Exigua caída de precios durante la crisis

La vivienda continúa sobrevalorada en España

EL MINISTERIO de Fomento informó ayer de que el precio medio de la vivienda cayó un 3,5% en 2010 y acumula ya tres años de caídas: desde marzo de 2008, momento más alto del mercado inmobiliario, los pisos han perdido un 13,5% de su valor. Este dato es la mejor demostración de que la burbuja inmobiliaria no ha acabado de explotar en España. Según Fomento, el precio medio de la vivienda libre pasó de 893 euros por metro cuadrado al finalizar 2000 a 2.101 euros en marzo de 2008, lo que supone una revalorización del 135%. Una exigua caída del 13,5% desde niveles tan altos y en plena crisis indica que la vivienda sigue sobrevalorada en España. Esto significa que los propietarios -particulares, empresas y bancos- se resisten a vender para no perder plusvalías y, en el caso de la banca, para no tener que provisionar pérdidas. Por eso no se reactiva un mercado clave para iniciar la recuperación.

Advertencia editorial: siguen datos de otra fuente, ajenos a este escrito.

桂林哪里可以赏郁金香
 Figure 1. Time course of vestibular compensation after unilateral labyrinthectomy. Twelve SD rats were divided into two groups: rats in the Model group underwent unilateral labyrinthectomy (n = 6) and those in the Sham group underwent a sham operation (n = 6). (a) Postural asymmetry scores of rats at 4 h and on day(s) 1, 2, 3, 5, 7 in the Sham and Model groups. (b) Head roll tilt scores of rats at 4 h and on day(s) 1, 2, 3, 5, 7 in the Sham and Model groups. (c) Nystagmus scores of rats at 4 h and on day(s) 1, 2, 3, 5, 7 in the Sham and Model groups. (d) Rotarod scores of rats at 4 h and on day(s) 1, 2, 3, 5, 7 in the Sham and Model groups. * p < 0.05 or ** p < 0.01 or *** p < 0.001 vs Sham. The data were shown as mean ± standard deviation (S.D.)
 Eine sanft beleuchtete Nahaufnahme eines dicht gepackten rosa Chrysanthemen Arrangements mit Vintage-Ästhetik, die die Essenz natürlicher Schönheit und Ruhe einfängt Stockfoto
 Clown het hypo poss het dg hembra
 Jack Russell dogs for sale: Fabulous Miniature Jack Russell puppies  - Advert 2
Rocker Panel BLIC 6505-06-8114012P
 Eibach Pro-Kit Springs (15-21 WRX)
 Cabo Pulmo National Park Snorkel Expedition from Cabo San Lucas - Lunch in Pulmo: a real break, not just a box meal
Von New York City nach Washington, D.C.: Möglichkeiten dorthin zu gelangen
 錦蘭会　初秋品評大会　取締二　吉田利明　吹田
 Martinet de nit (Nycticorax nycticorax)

El Supremo le condena por conducir ebrio

Uriarte no debe seguir al frente de NNGG

LA SENTENCIA del Supremo que condena a Nacho Uriarte a una multa de 2.400 euros y a la retirada del carné de conducir durante ocho meses por superar la tasa de alcohol permitida y protagonizar un accidente debería tener consecuencias políticas. Uriarte no puede seguir al frente de Nuevas Generaciones del PP un día más. No es de recibo que quien está llamado a dar ejemplo en una organización juvenil se mantenga al frente de la misma después de haber cometido un delito con incidencia en la seguridad del tráfico, como consecuencia de haberse excedido en el consumo de alcohol, precisamente en una sociedad que insiste en alertar a los adolescentes del peligro de beber. Pero al mismo tiempo, este episodio debería plantear el debate de hasta qué punto un representante público puede seguir ejerciendo su función tras haber sido condenado en firme por la Justicia y los partidos tendrían que establecer una norma clara a seguir cuando ello sucediera. La lógica indica que un diputado no debería poder saltarse las leyes que vota en el Parlamento. En países como EEUU tendría que renunciar a su acta.